Rey’s family has become the “Rosebud” of Star Wars: Who are they? What’s their significance? How will that revelation shape her destiny?
The mystery was introduced in The Force Awakens when Daisy Ridley’s desert scavenger touched the ancestral Skywalker lightsaber and saw a series of visions, including a starship abandoning a much younger version of herself on the junkyard world of Jakku.
Now, The Last Jedi will finally resolve the question that fans have been debating for two years.
This article, obviously, won’t spoil anything. The theory I’m holding onto is still this one.
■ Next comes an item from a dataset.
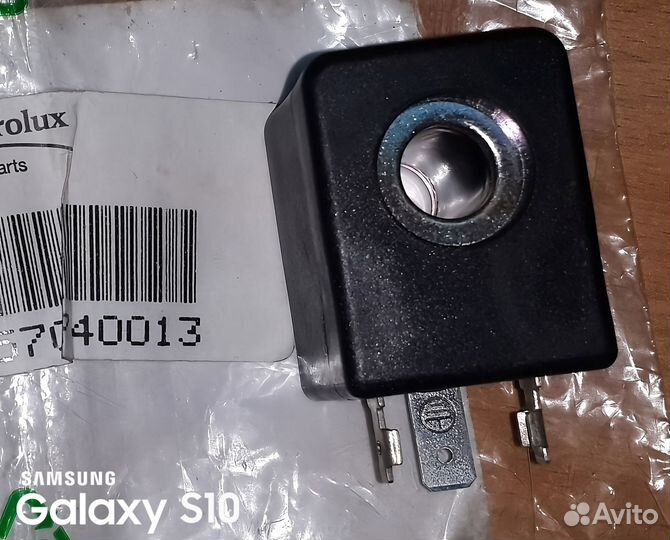 Катушка газового клапана соленоид GA46292RM-AP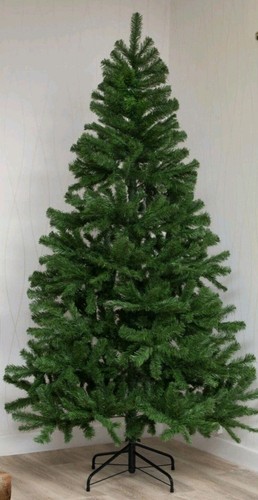 8ft christmas tree with - with, stand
But in EW’s interview for our cover story on The Last Jedi, writer and director Rian Johnson did offer his thoughts on a related question: How much does Rey’s past matter — or is this a tangent fans have obsessed over unnecessarily?
“To me, it’s important insofar as it’s important to her,” Johnson says. “And I think it’s important to her in terms of what is her place in all of this? What’s going to define her in this story? She was told in the last movie that the answer’s not in the past; it’s looking forward. But she’s showing up on this island to talk to this hero from the past.”
Let’s just pause for a line from Eugene O’Neill’s A Moon For the Misbegotten: “There is no present or future — only the past, happening over and over again — now.”
If Rey understands her origin, it can be a map for her future, a guide to avoiding whatever fear or mistakes have come before. In that way, Johnson says Rey does need to know. (And so do we.)